▶ **Problem statement**
Copy exactly the lines of the material below that fall between the line with "小学足球训练计划.doc_第3页" and the line with "百田森加绒雪地靴中筒冬季鞋子女新款头层牛皮毛一体女鞋冬鞋", both of those lines included; pictures stay out.

▶ **Data**

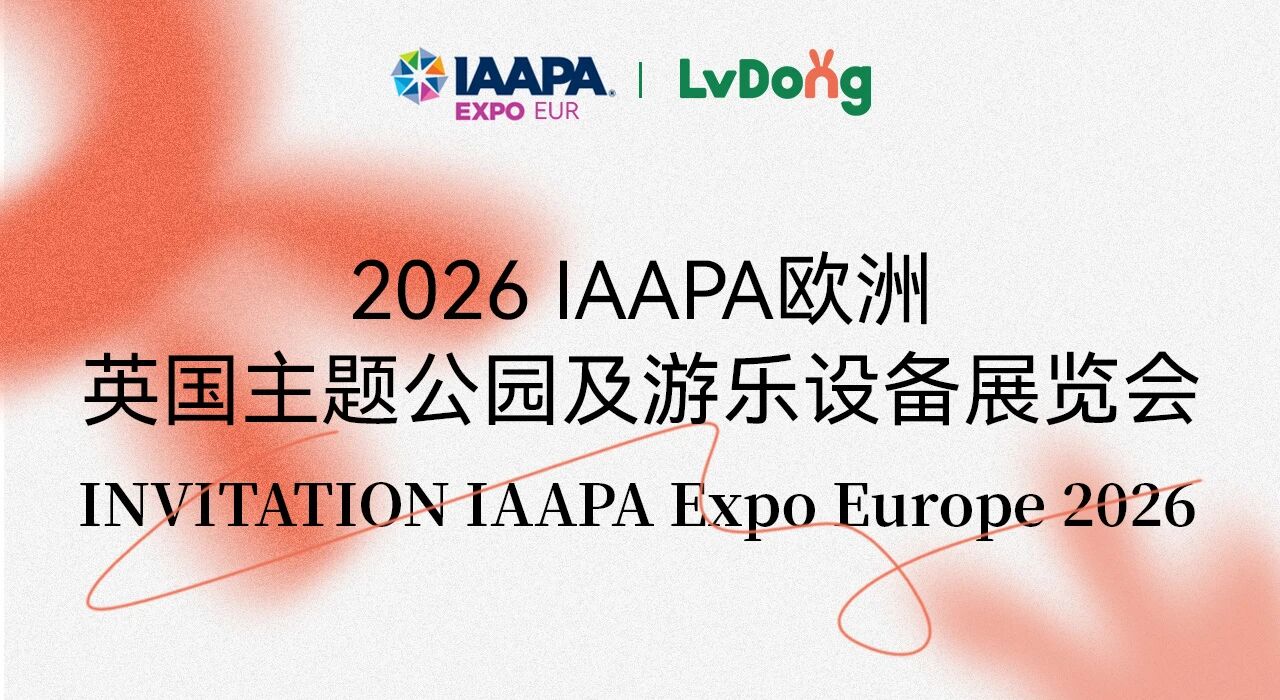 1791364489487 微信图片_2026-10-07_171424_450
* * *
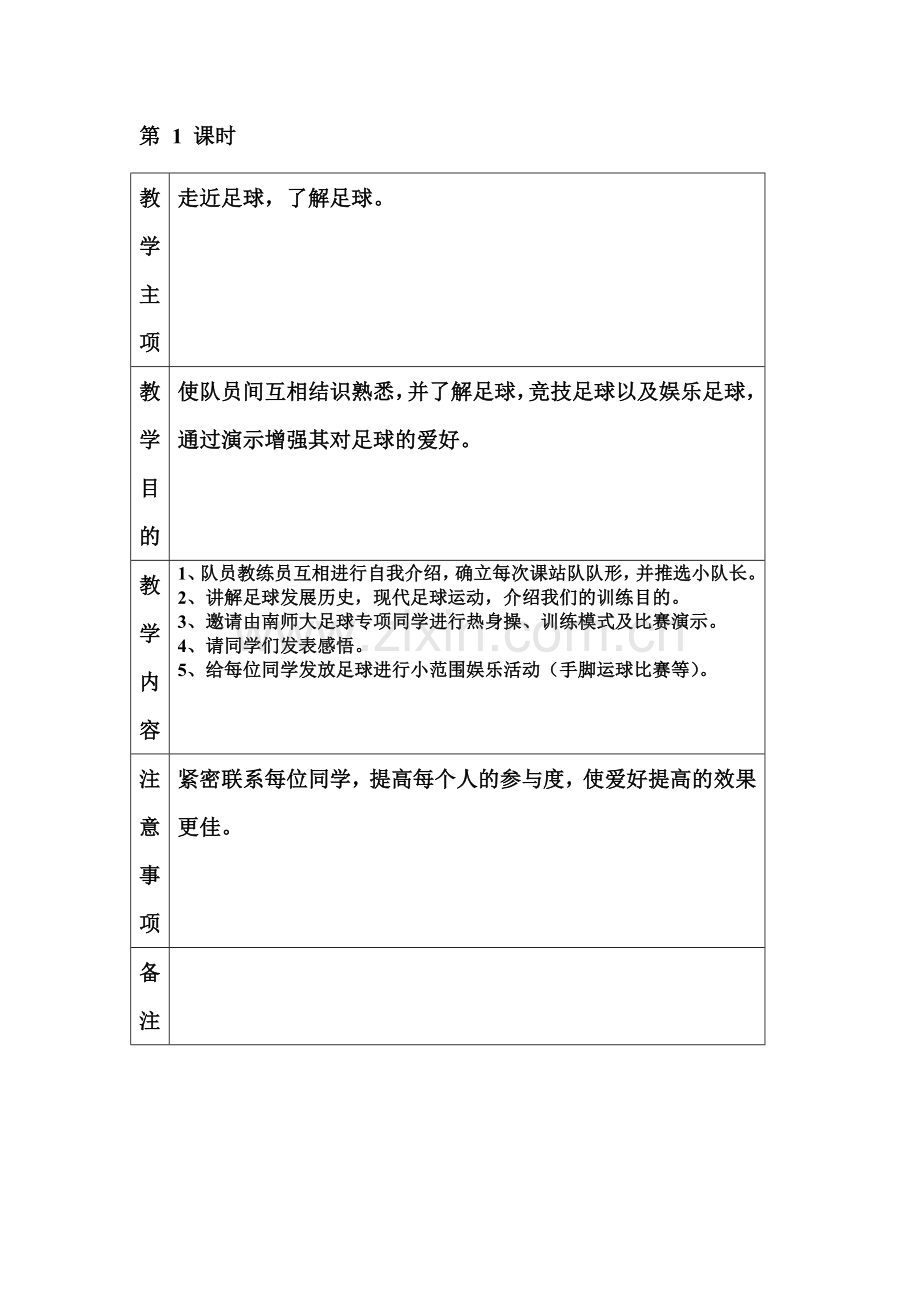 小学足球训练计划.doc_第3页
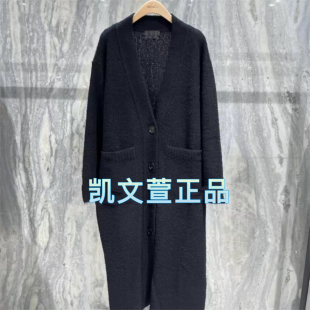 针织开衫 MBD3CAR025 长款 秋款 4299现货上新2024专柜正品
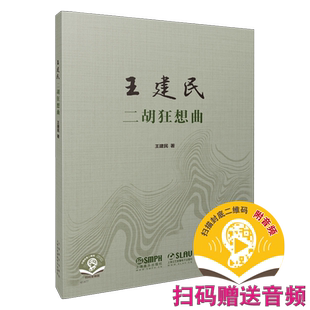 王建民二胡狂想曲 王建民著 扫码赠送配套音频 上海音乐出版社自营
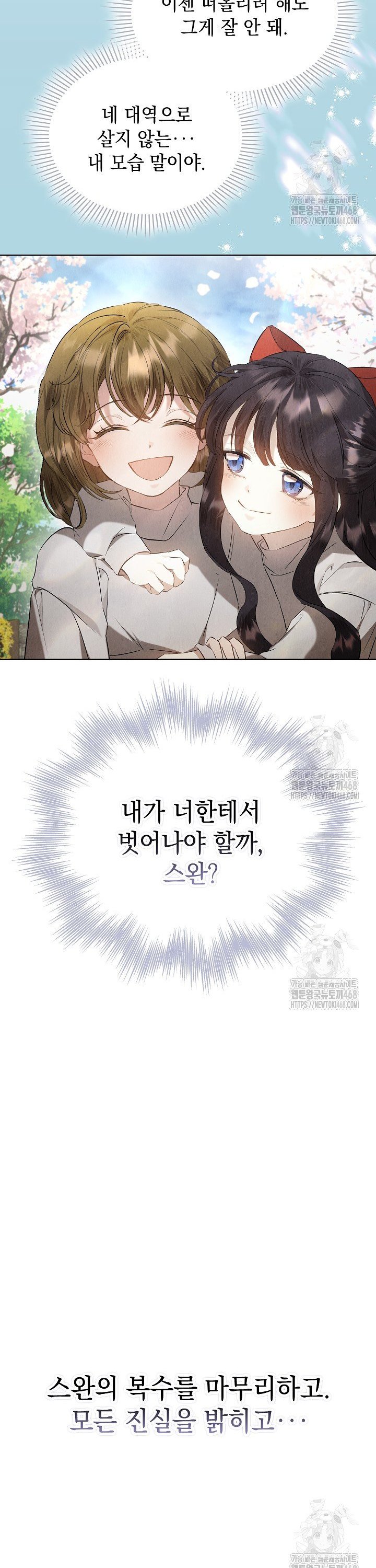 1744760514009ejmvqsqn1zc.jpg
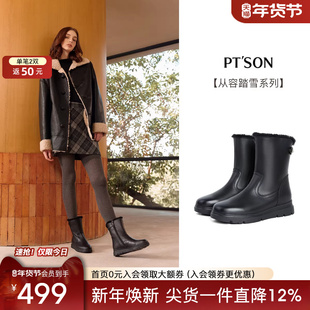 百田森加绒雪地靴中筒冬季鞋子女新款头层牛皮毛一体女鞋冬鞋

▶ **Task result**
 小学足球训练计划.doc_第3页
 针织开衫 MBD3CAR025 长款 秋款 4299现货上新2024专柜正品
 王建民二胡狂想曲 王建民著 扫码赠送配套音频 上海音乐出版社自营
 1744760514009ejmvqsqn1zc.jpg
 百田森加绒雪地靴中筒冬季鞋子女新款头层牛皮毛一体女鞋冬鞋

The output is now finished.